Retail liquor and cannabis stores were not part of the job action, but the cannabis division of the Burnaby customer care centre was and so orders stopped going out.
The province was in the process of launching a program where pot stores could directly source stock from licensed producers, but the program had not begun, so like in Ontario, there were no other options to get supplies. Many stores had to close and layoff staff as supply dwindled and the strike continued.
Though both disruptions could affect Aurora’s earnings, the company is facing even bigger challenges in a 30-year high inflation rate and an illicit market that has barely been diminished by the legalization of cannabis.
Aurora will lean on international medical cannabis markets in Europe, Australia and Israel for “insulation” from the current economic climate, Martin said.
“We believe the cannabis growth story will centre on international medical and recreational over the next several years,” he said.
“Right now, we believe there are about 150,000 patients in Europe alone, and if the countries that have so far legalized medical cannabis were to reach similar adoption levels to Canada — one per cent of the adult population — the patient pool could expand to 3.5 million people.”
Martin’s remarks came as Aurora’s net loss widened to $618.8 million in its most recent quarter as it recorded $505.1 million in impairment charges.
The fourth quarter net loss was even deeper than the $134 million net loss it saw in the same period last year. The company attributed the impairment charges to “changes in cannabis market conditions, and in the current capital market environment including higher rates of borrowing and lower foreign exchange rates.”
Its net revenue for the quarter ended June 30 amounted to $50.2 million, down eight per cent from $54.8 million in the fourth quarter of 2021.
Consumer cannabis took the biggest hit of all its revenue streams, falling 35 per cent year-over-year.
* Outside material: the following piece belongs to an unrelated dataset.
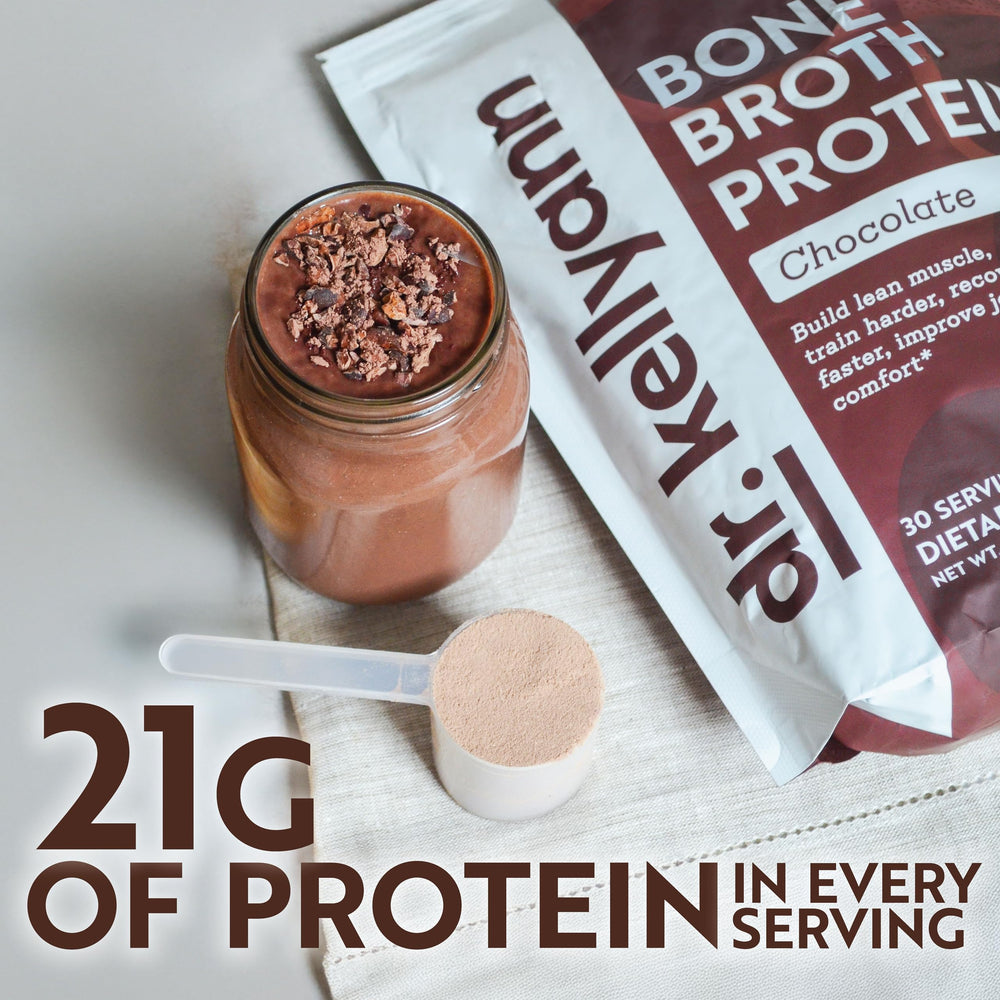 Close-up texture of Dr. Kellyann Keto Bone Broth Protein Powder Chocolate powder.
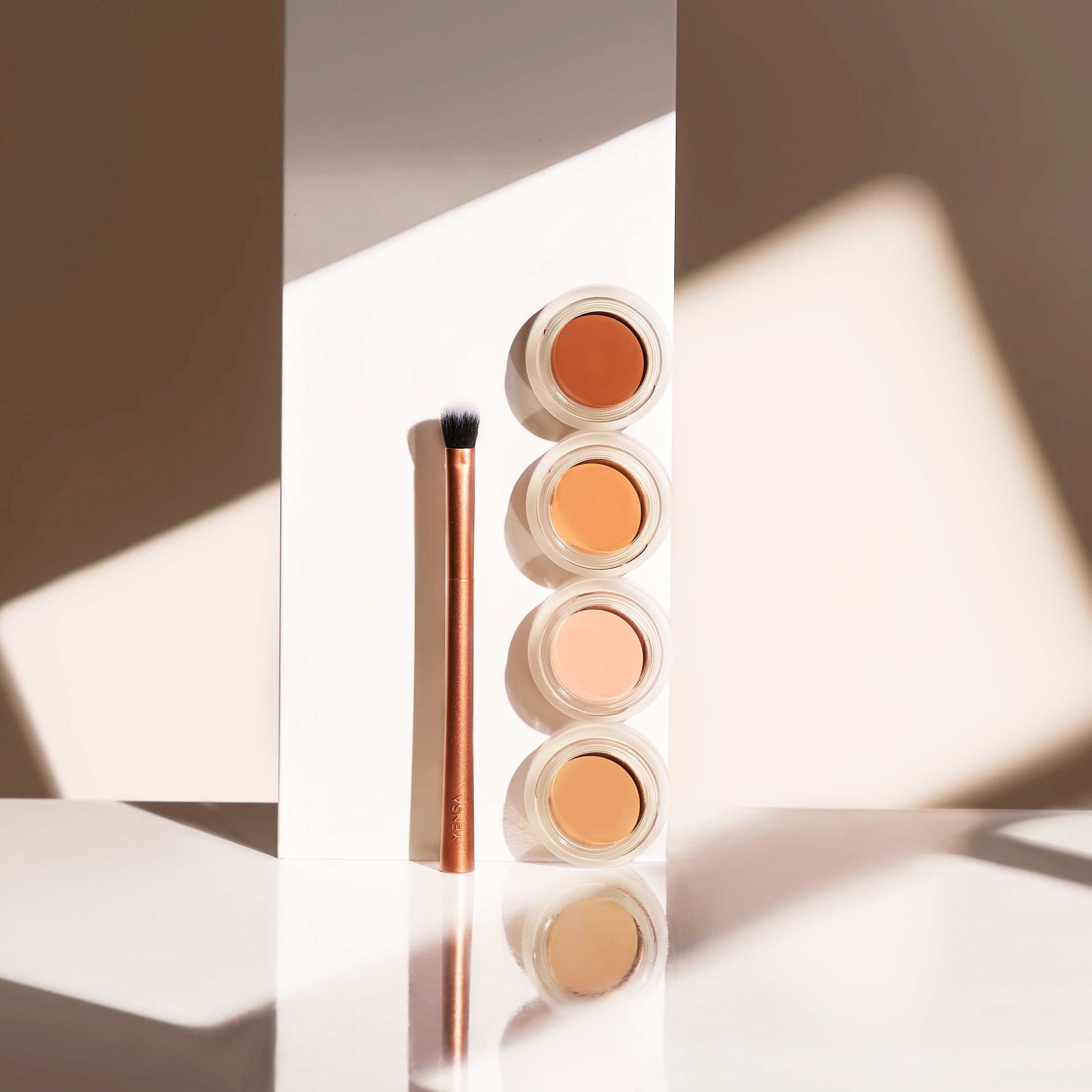 YENSA Super Bright Dark Circle Serum Peptide Corrector eye concealer in various shades, showing smooth, creamy texture on skin.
However, Aurora’s medical cannabis net revenue edged up four per cent year over year and the number of kilograms of pot it sold across all categories increased 16 per cent in the same time period.
Aurora’s results follow several quarters of major changes, including facility closures, layoffs and acquisitions, that the company hopes will help it realign its operations to meet current demands.
“We’ve made incredible strategic progress during the year,” Martin said.
“We are on track with our transformation plan and we feel very optimistic about the future of the business.”